2.8. Quartz microbalance (QCM) studies

In all electrochemical and oxygen mini-sensor related studies (sections 3.1–3.5), holo-GOx and its corresponding apo-form of type X-S, obtained from Aspergillus niger (EC 1.1.3.4, without added oxygen), were used.

To assess the differences between GOx of type X-S (section 3.6) and several analogues, e.g., recombinant GOx and GOx of type VII, the SRS QCM 200 system (Scientific Instruments GmbH, Gilching, Germany) was used. Changes in protein quality, purity, and structure can readily be detected by QCM. Briefly, pronounced differences in frequency can be observed for molecules with similar adsorbed masses. For the experiment, 1 μL of intact holo-GOx of various type was dropped onto the surface of an Au-modified crystal (5 MHz), followed by signal recording (change in frequency, Hz).

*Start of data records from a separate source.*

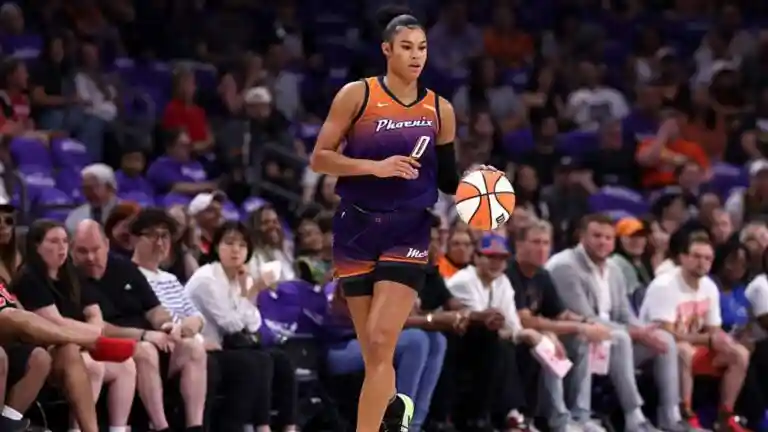 Satou Sabally Phoenix Mercury WNBA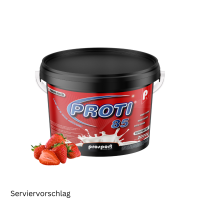 Prosport PROTI ® 85  2000g Eimer Erdbeere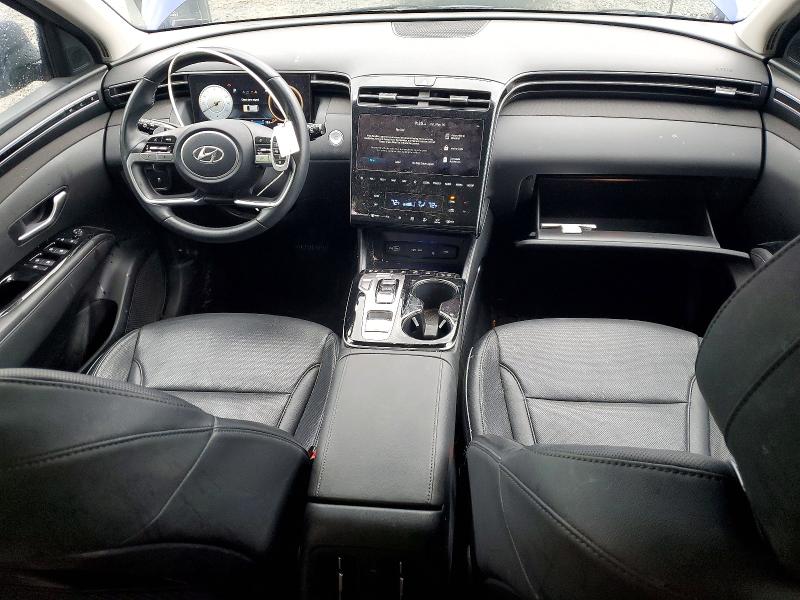 52969686 :رقم المزاد ، 5NMJECAE6PH167975 vin ، 2023 Hyundai Tucson مزاد بيع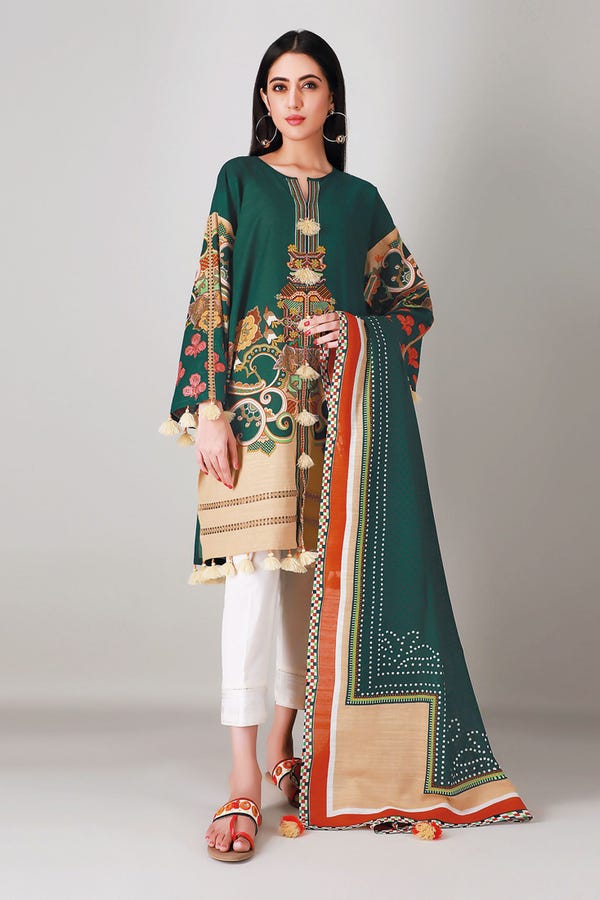 Khaadi Shawls 2019 2024 www.gemologytidbits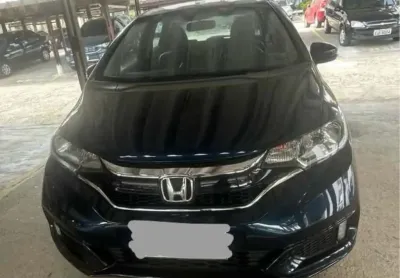 Honda fit 2020 1.5 personal 16v flex 4p automático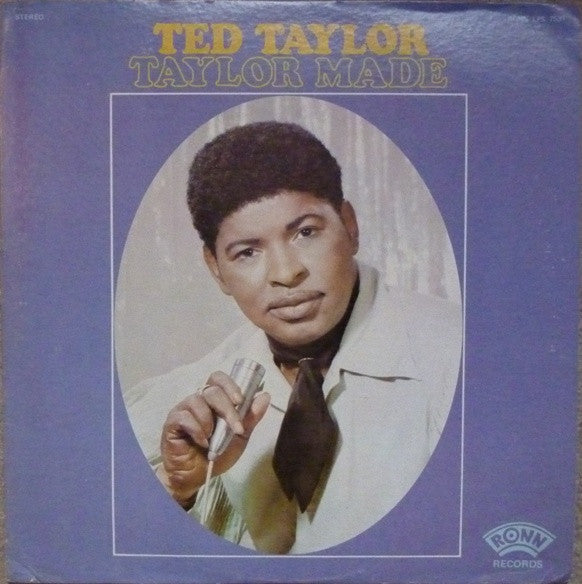 Master Release: Taylor Made by Ted Taylor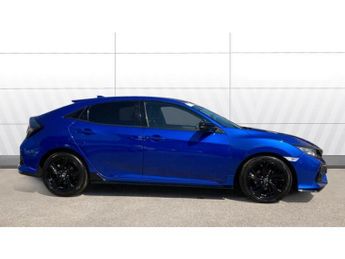 Honda Civic 1.0 VTEC Turbo 126 Sport Line 5dr CVT Petrol Hatchback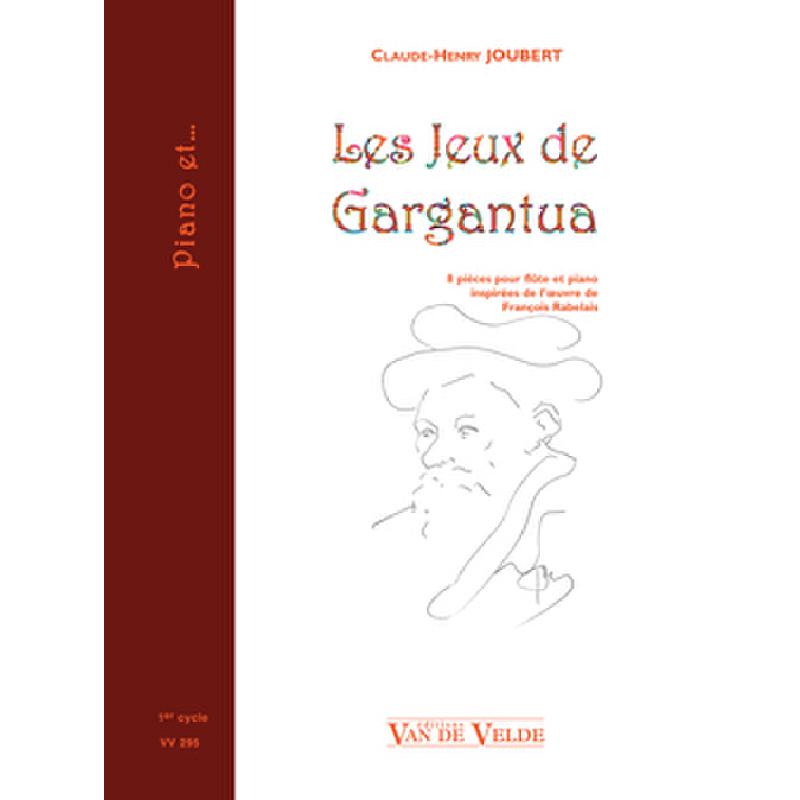 Titelbild für VV 295 - Les Jeux de Gargantua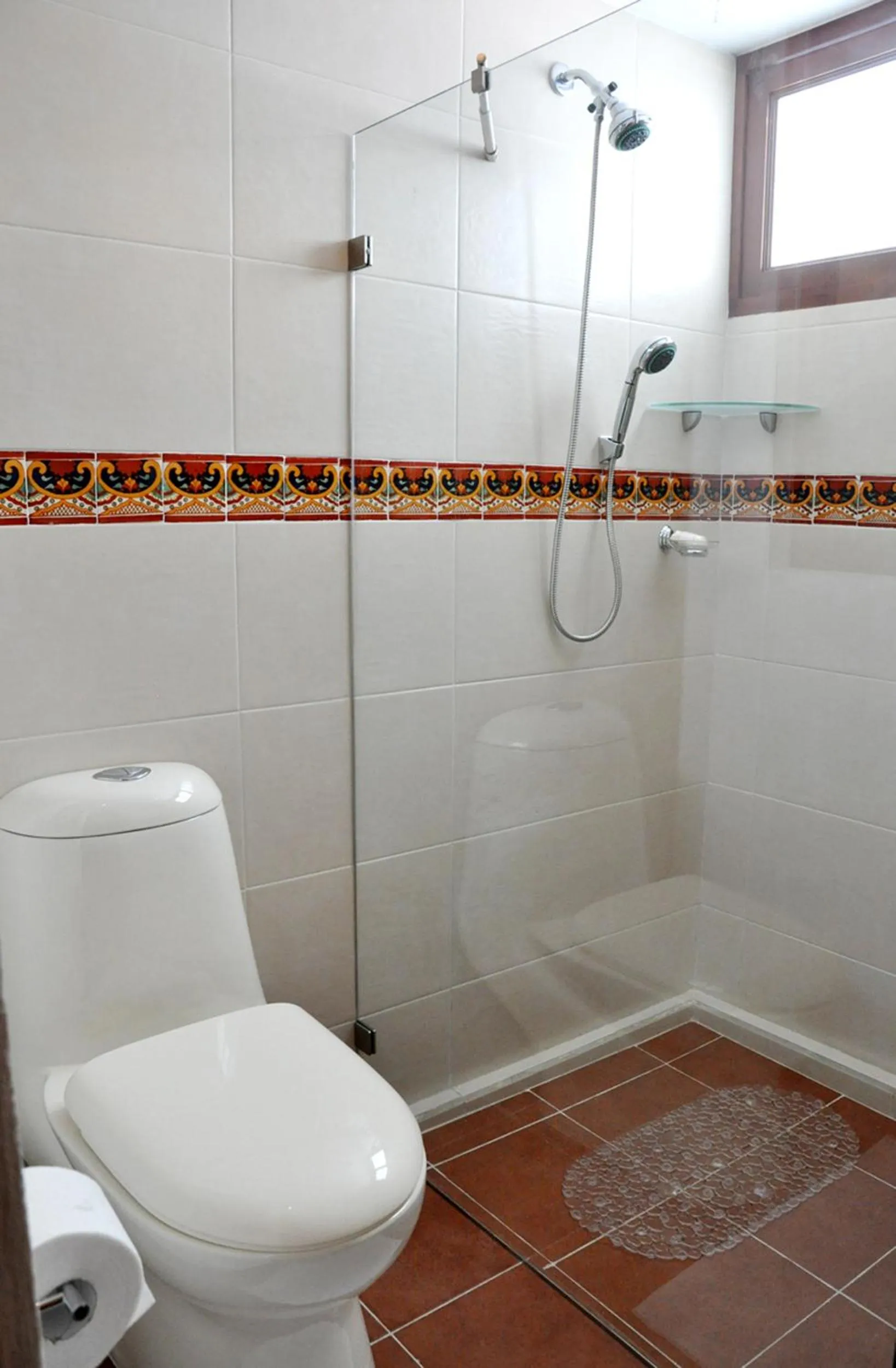 Day in Casa Santa Lucia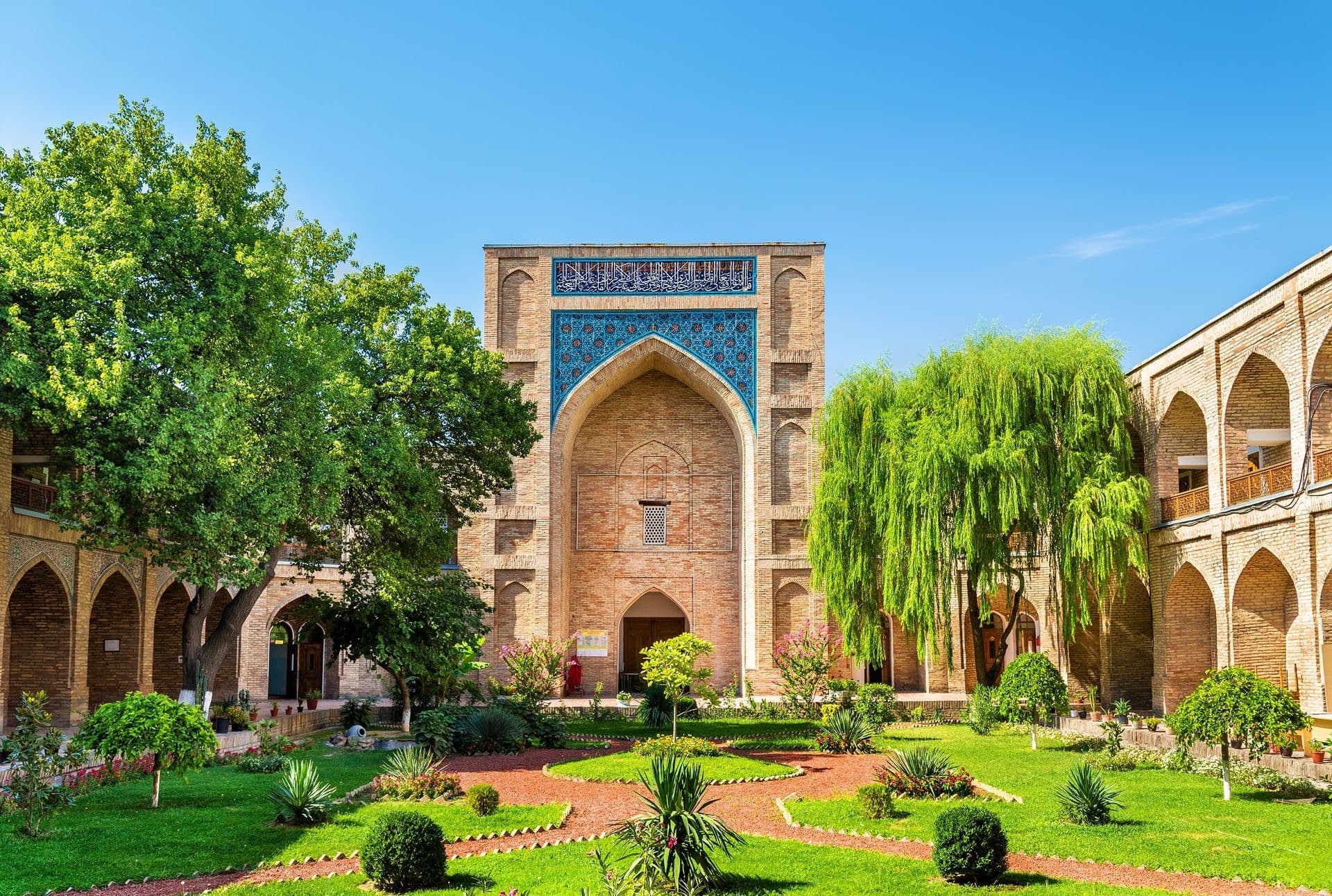 Das neue New Silk Road Reisemagazin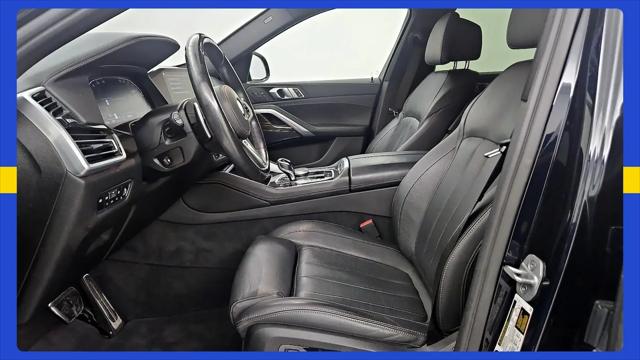 2021 BMW X6 xDrive40i
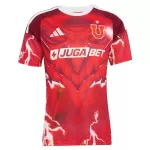 Universidad de Chile Fotbollströja Tredje 2026/27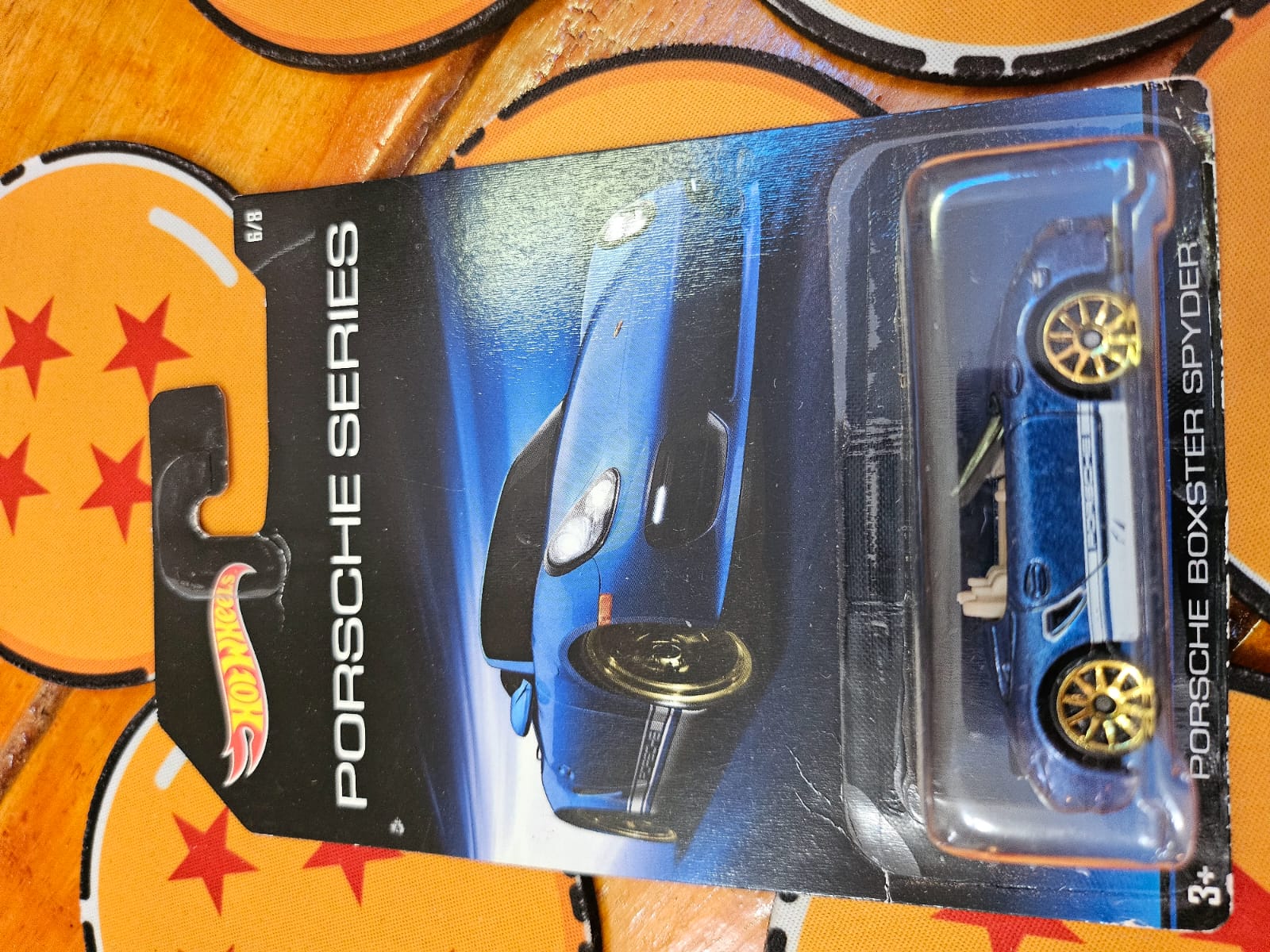 Porsche Boxster Spyder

Apo-GOx from recombinant GOx and GOx of type VII were prepared according to protocol described for apo-GOx (X-S) in section 2.2.

3. Results and discussion

3.1. Assembly of the enzymatic constructor

Electrodeposition supports direct enzyme–electrode communication regardless of the design of sensing layers, i.e. “capsule-like” or “adsorption-like” structures.22,25 For example, during electrodeposition of holo-GOx (already containing the embedded FAD cofactor), the enzyme (bioreagent) is located in a “capsule-like” structure (10–15 nm thickness) between Pd-NPs and Naf.22,25 In the case of FAD electrodeposition together with Pd-NPs and Naf (forming “adsorption-like” structures 10–15 nm thick), the cofactor (bioreagent) is located on top of the functional layer. The addition of aqueous apo-GOx results in direct contact between the enzyme and FAD-modified electrode.9,12 The same synthesis process (electrodeposition) of functional films might initially be expected to result in the formation of biosensors with similar sensing characteristics (if the same bioreagents are used) regardless of the order of assembly; however, this expectation appears to be not entirely true.

In situ reconstruction of apo-GOx after interaction with solid electrodeposited FAD-doped nanoparticles (Pd-NPs/FAD/Naf) can lead to enhanced coverage of the surface of electrodes and advanced substrate-enzyme contact.26,27 This assumption was confirmed during testing of Electrodes AD in CV mode.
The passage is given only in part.